A lightweight (no dependencies) ArgumentParser --- aka GridArgumentParser --- that supports your grid-search needs. Supports top-level parser and subparsers.

Overview

It transforms the following arguments in the corresponding way:

--arg 1--arg 1 2 3

--arg 1 2 3--arg 1~~2~~3 4~~5~~6

--arg 1-2-3 4-5-6--arg 1-2-3~~4-5-6 7-8-9~~10-11

So, for single arguments, it extends them similar to nargs="+". For multiple arguments, it extends them with list_as_dashed_str(type, delimiter="~~") (available in gridparse.utils), and this is recursively applied with existing list_as_dashed_str types. It can also handle subspaces using square brackets, where you can enclose combinations of hyperparameters within but don't have them combine with values of hyperparameters in other subspaces of the same length.
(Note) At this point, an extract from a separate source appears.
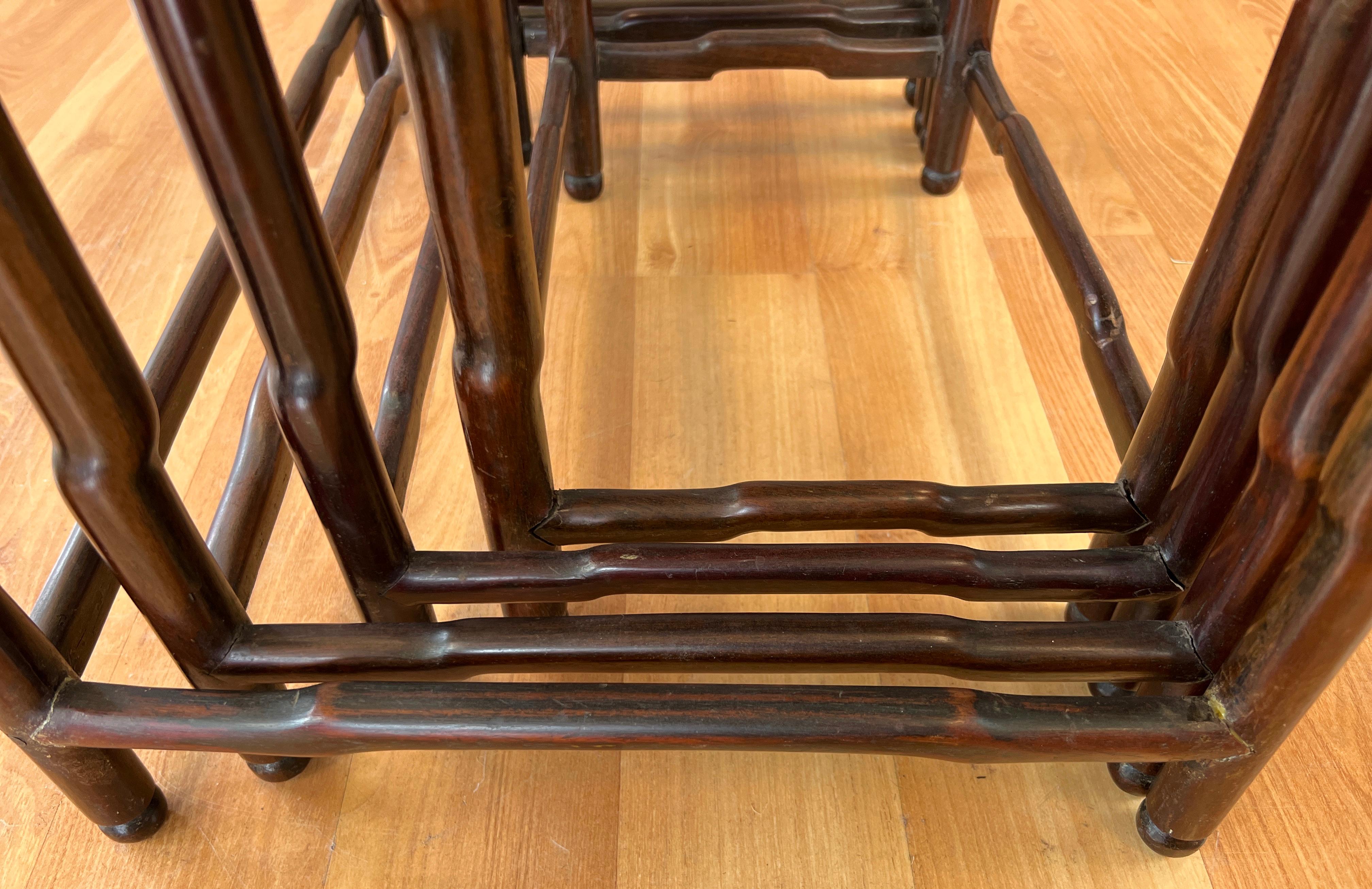 Ensemble de quatre tables gigognes chinoises en bois de zitano de la fin du 19e ou du début du 20e siècle en vente 6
Note: when using at least on searchable argument, the return value of parse_args() is always a list of Namespaces, otherwise it is just a Namespace.

Examples

Example without subspaces:

parser = GridArgumentParser()
parser.add_argument("--hparam1", type=int, searchable=True)
parser.add_argument("--hparam2", nargs="+", type=int, searchable=True)
parser.add_argument("--normal", required=True, type=str)
parser.add_argument(
    "--lists",
    required=True,
    nargs="+",
    type=list_as_dashed_str(str),
    searchable=True,
)
parser.add_argument(
    "--normal_lists",
    required=True,
    nargs="+",
    type=list_as_dashed_str(str),
)
args = parser.parse_args(
    (
        "--hparam1 1~~2~~3 --hparam2 4~~3 5~~4 6~~5 "
        "--normal efrgthytfgn --lists 1-2-3 3-4-5~~6-7 "
        "--normal_lists 1-2-3 4-5-6"
    ).split()
)
assert len(args) == 1 * 3 * 1 * 2 * 1  # corresponding number of different values in input CL arguments

pprint(args)

Output:

[
    
Namespace(hparam1=[1, 2, 3], hparam2=[4, 3], lists=[['1', '2', '3']], normal='efrgthytfgn', normal_lists=[['1', '2', '3'], ['4', '5', '6']]),

Namespace(hparam1=[1, 2, 3], hparam2=[5, 4], lists=[['1', '2', '3']], normal='efrgthytfgn', normal_lists=[['1', '2', '3'], ['4', '5', '6']]),

Namespace(hparam1=[1, 2, 3], hparam2=[6, 5], lists=[['1', '2', '3']], normal='efrgthytfgn', normal_lists=[['1', '2', '3'], ['4', '5', '6']]),

Namespace(hparam1=[1, 2, 3], hparam2=[4, 3], lists=[['3', '4', '5'], ['6', '7']], normal='efrgthytfgn', normal_lists=[['1', '2', '3'], ['4', '5', '6']]),

Namespace(hparam1=[1, 2, 3], hparam2=[5, 4], lists=[['3', '4', '5'], ['6', '7']], normal='efrgthytfgn', normal_lists=[['1', '2', '3'], ['4', '5', '6']]),

Namespace(hparam1=[1, 2, 3], hparam2=[6, 5], lists=[['3', '4', '5'], ['6', '7']], normal='efrgthytfgn', normal_lists=[['1', '2', '3'], ['4', '5', '6']])

]

Example with subspaces:

parser = GridArgumentParser()
parser.add_argument("--hparam1", type=int, searchable=True)
parser.add_argument("--hparam2", type=int, searchable=True)
parser.add_argument("--hparam3", type=int, searchable=True, default=1000)
parser.add_argument("--hparam4", type=int, searchable=True, default=2000)
parser.add_argument("--normal", required=True, type=str)

args = parser.parse_args(
    (
        "--hparam1 1 2 "
        "{--hparam2 1 2 3 {--normal normal --hparam4 100 101 102} {--normal maybe --hparam4 200 201 202 203}} "
        "{--hparam2 4 5 6 --normal not-normal}"
    ).split()
)
assert len(args) == 2 * ((3 * (3 + 4)) + 3)

Additional capabilities

Specify None in command-line

In case some parameter is searchable (and not a boolean), you might need one of the values to be the default value None. In that case, specifying any other value would rule the value None out from the grid search. To avoid this, gridparse allows you to specify the value _None_ in the command line:

>>> parser = gridparse.GridArgumentParser()
>>> parser.add_argument('--text', type=str, searchable=True)
>>> parser.parse_args("--text a b _None_".split())
[Namespace(text='a'), Namespace(text='b'), Namespace(text=None)]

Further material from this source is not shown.